> _THE TASK_: Before printing the listing, strip out its pictures and keep everything else exact.

··· SUPPLIED MATERIAL

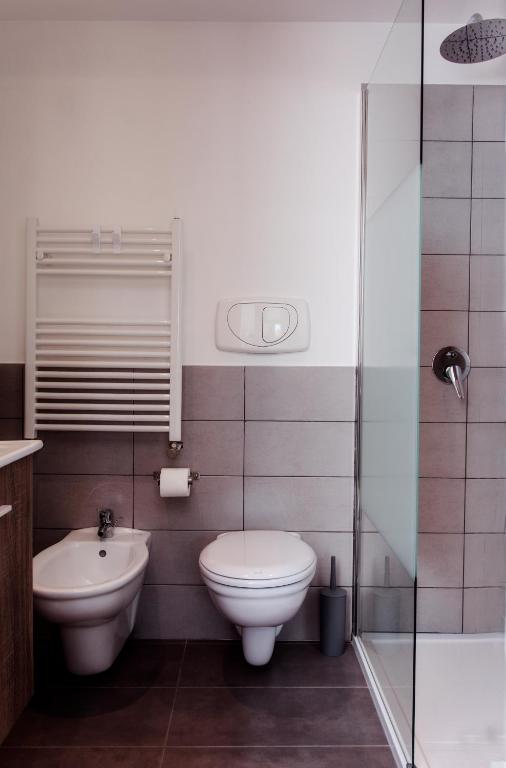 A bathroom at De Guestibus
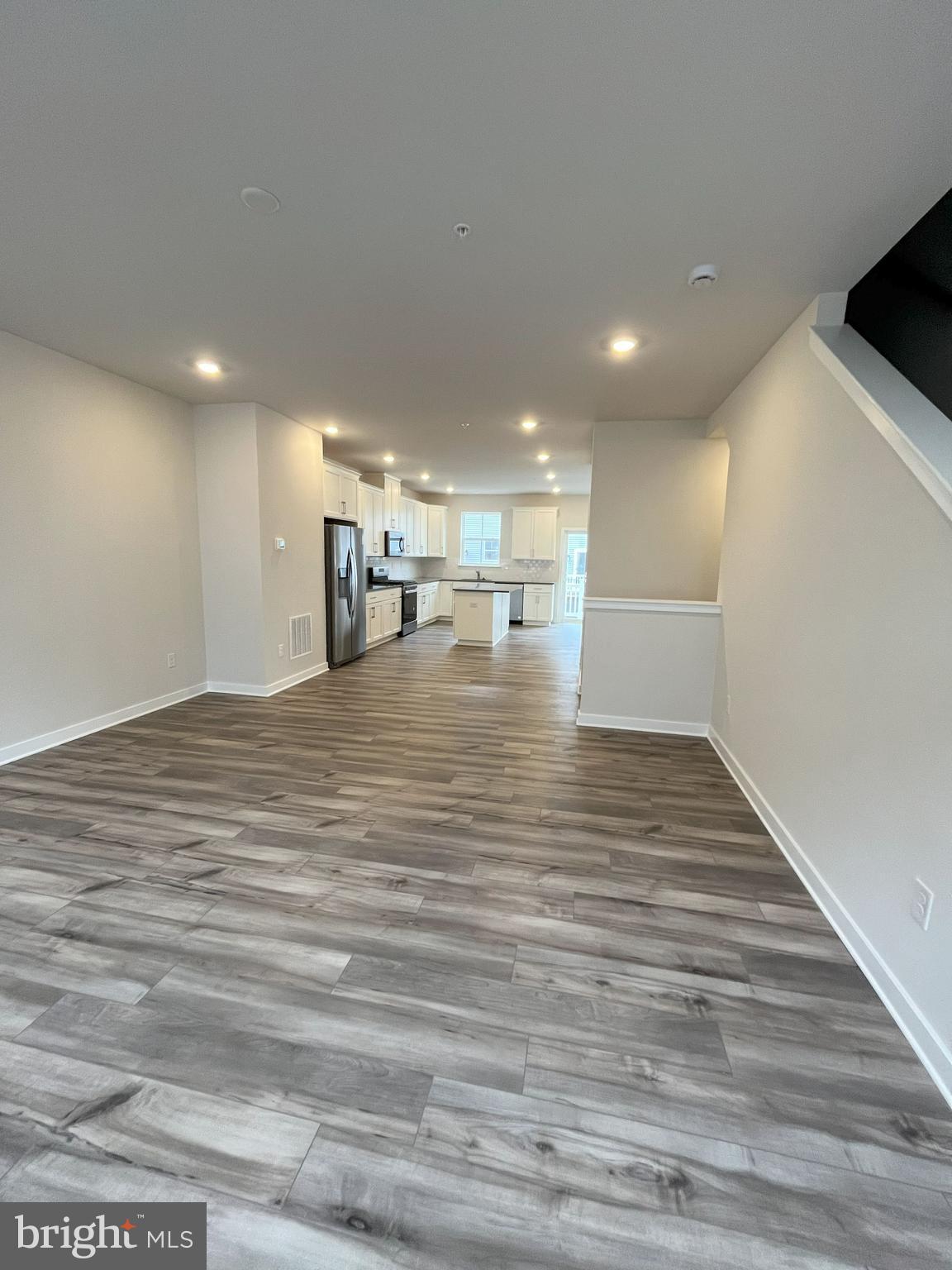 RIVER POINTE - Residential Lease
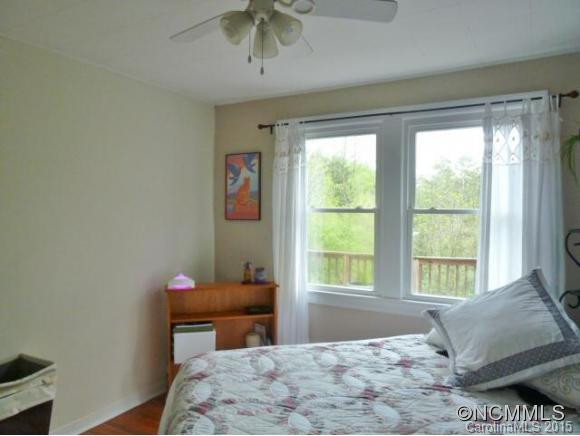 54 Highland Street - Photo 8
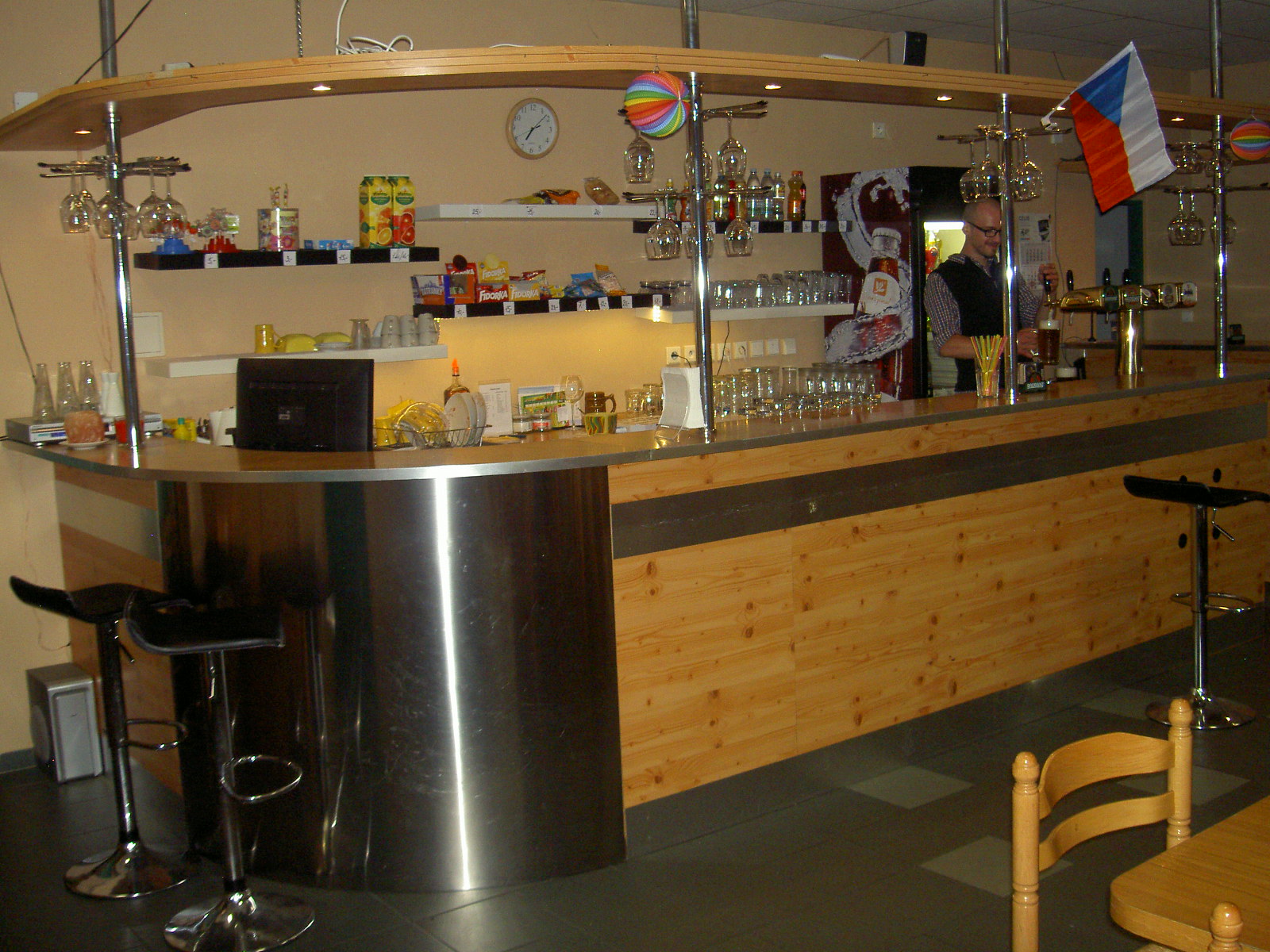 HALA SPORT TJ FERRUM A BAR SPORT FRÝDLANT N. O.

······

> _ANSWER TO THE PROBLEM_:
 A bathroom at De Guestibus
 RIVER POINTE - Residential Lease
 54 Highland Street - Photo 8
 HALA SPORT TJ FERRUM A BAR SPORT FRÝDLANT N. O.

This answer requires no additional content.